■ **PROBLEM TO SOLVE**
Could you transcribe exactly the lines from the one containing "Camiseta cuello redondo" through the last line of the records below, leaving out the pictures?

*** Opening STUDY MATERIAL ***

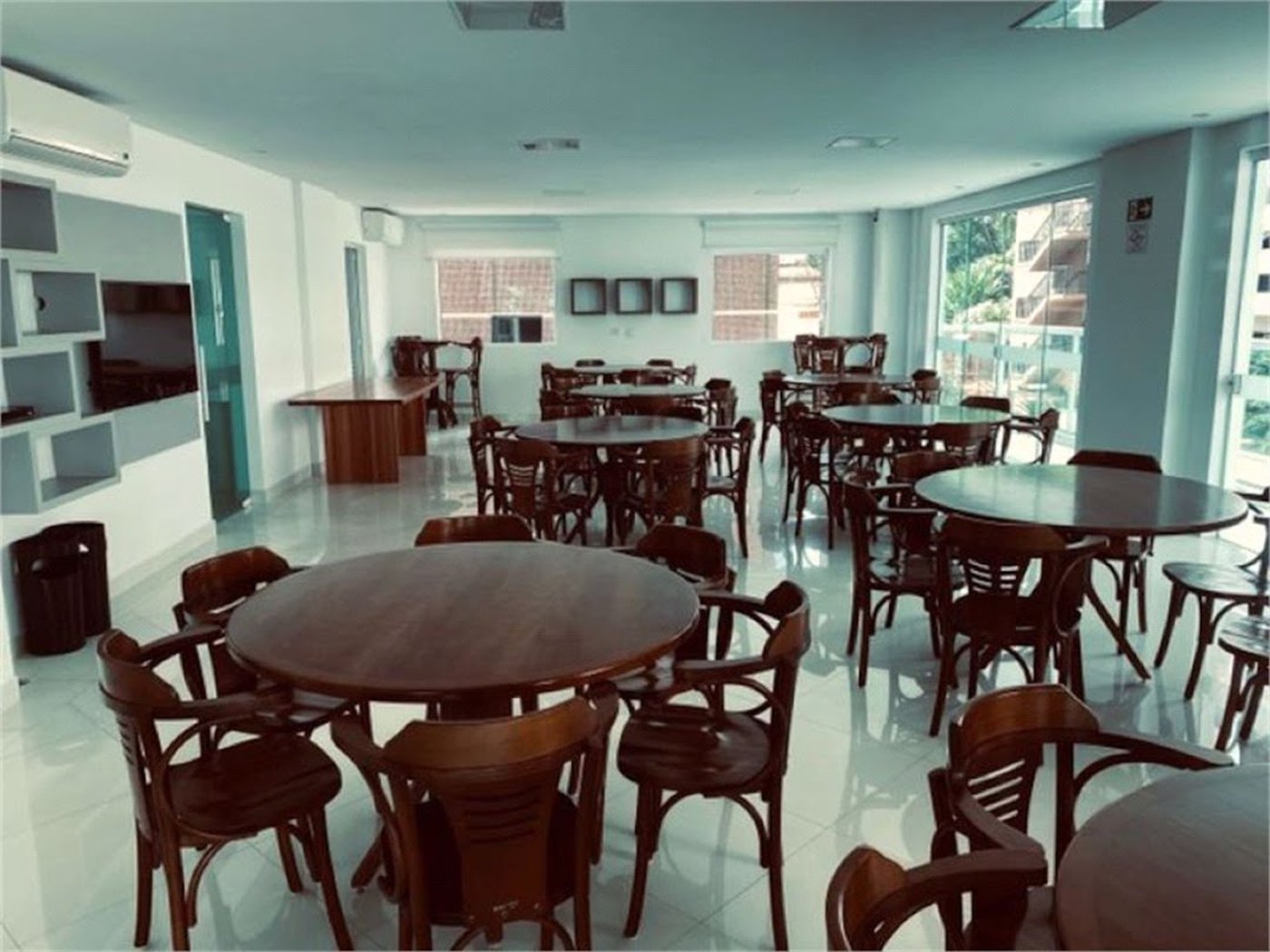 Apartamento Residencial à venda, Centro, Guarujá - AP0847.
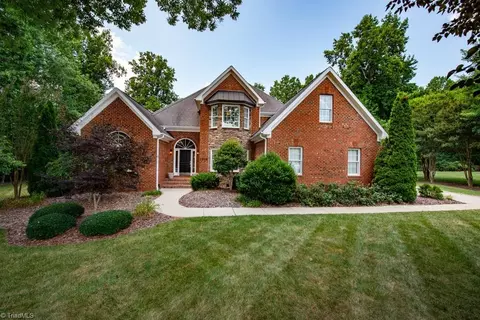 1504 Malachi Ct, High Point, NC 27265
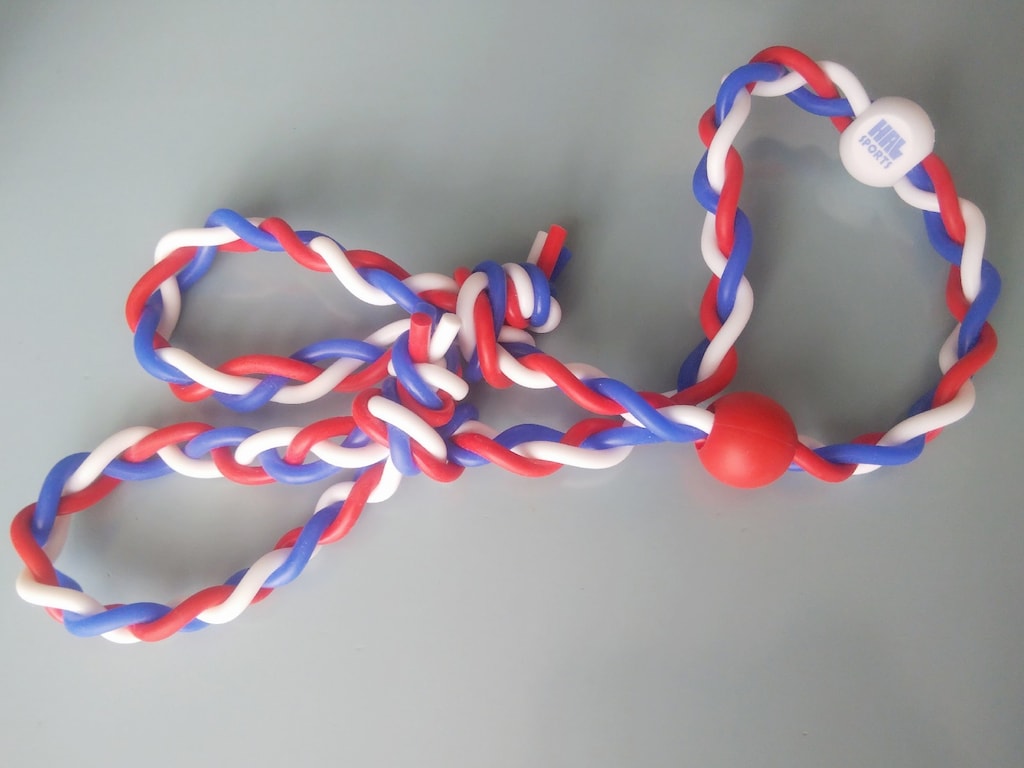 おうちで肩こり解消！ストレッチゴム「楽体」の効果的な使い方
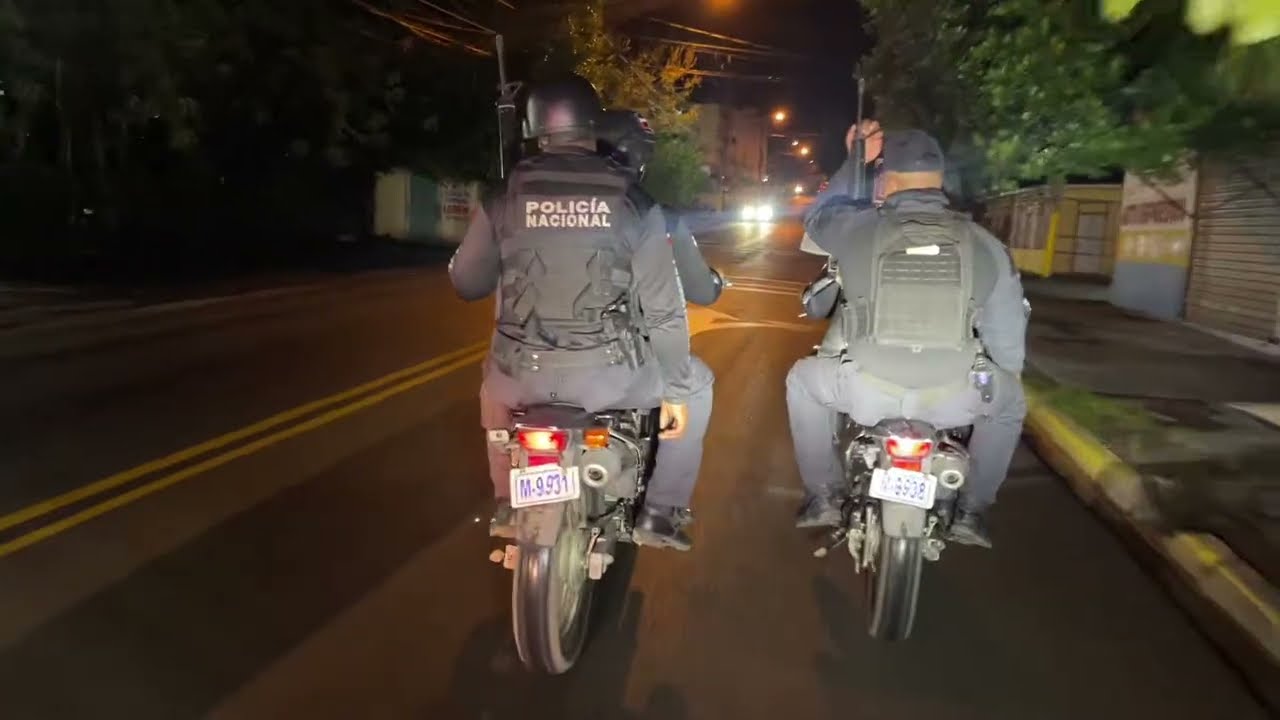 RECORRIDO DE LA POLICIA EN SECTORES DE SAN FRANCISCO DE MACORIS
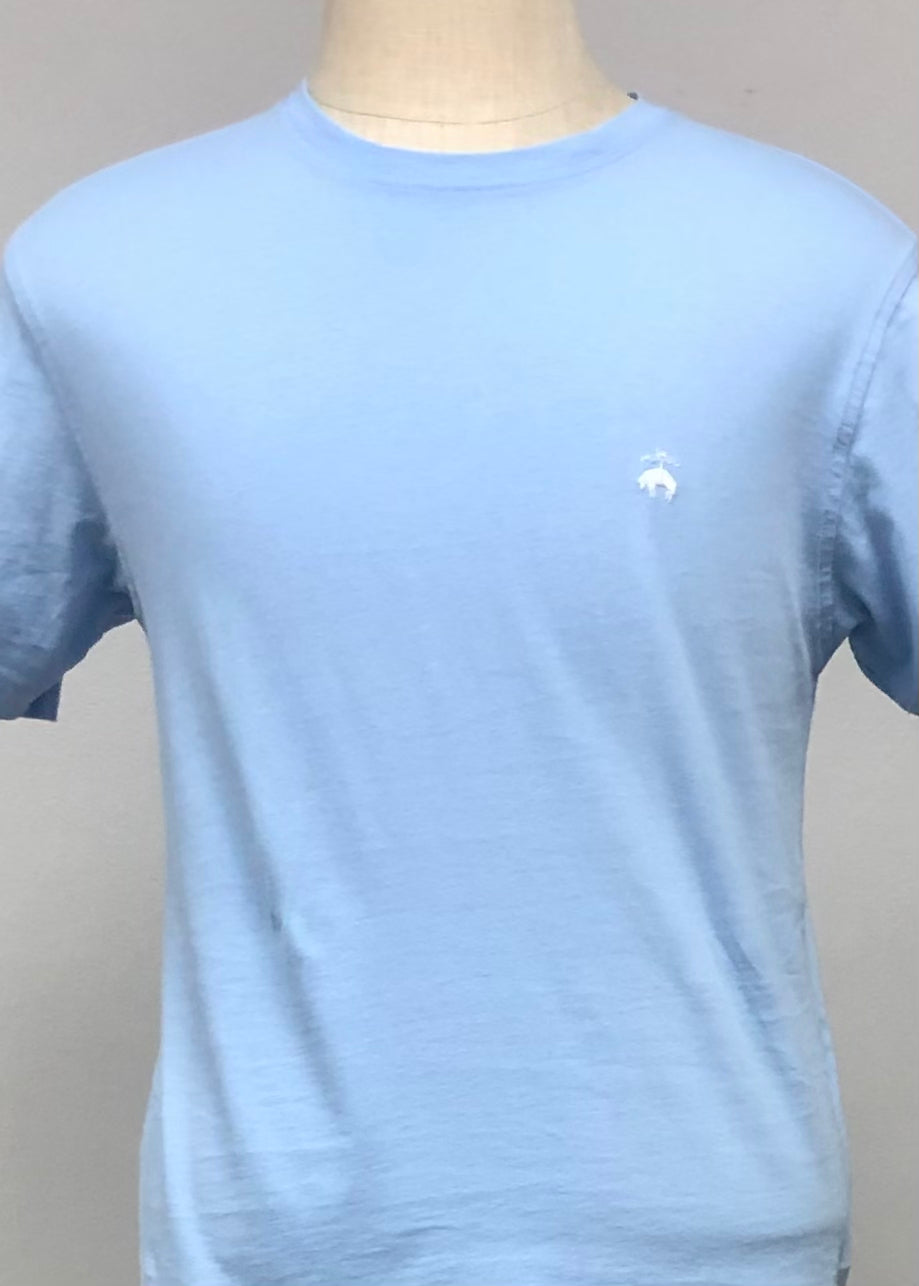 Camiseta cuello redondo Brooks Brothers 🐑 color celeste y logo blanca Talla Small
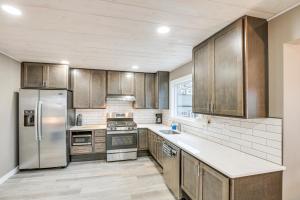 Cozy Maine Getaway Covered Deck, Walk to Beach!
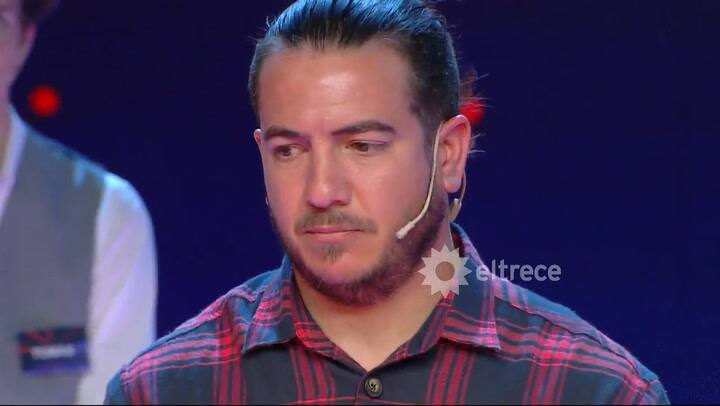 Fue a Los 8 escalones del millón para cambiar su vida y rompió en llanto al llegar a la final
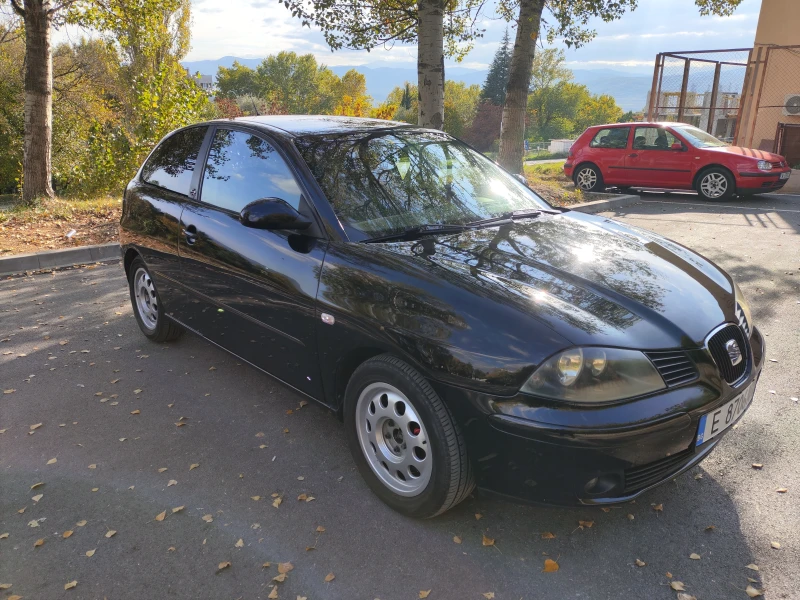 Seat Ibiza 1.8T ГАЗ, снимка 2 - Автомобили и джипове - 47643660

*** Closing STUDY MATERIAL ***

■ **REPLY**
 Camiseta cuello redondo Brooks Brothers 🐑 color celeste y logo blanca Talla Small
 Cozy Maine Getaway Covered Deck, Walk to Beach!
 Fue a Los 8 escalones del millón para cambiar su vida y rompió en llanto al llegar a la final
 Seat Ibiza 1.8T ГАЗ, снимка 2 - Автомобили и джипове - 47643660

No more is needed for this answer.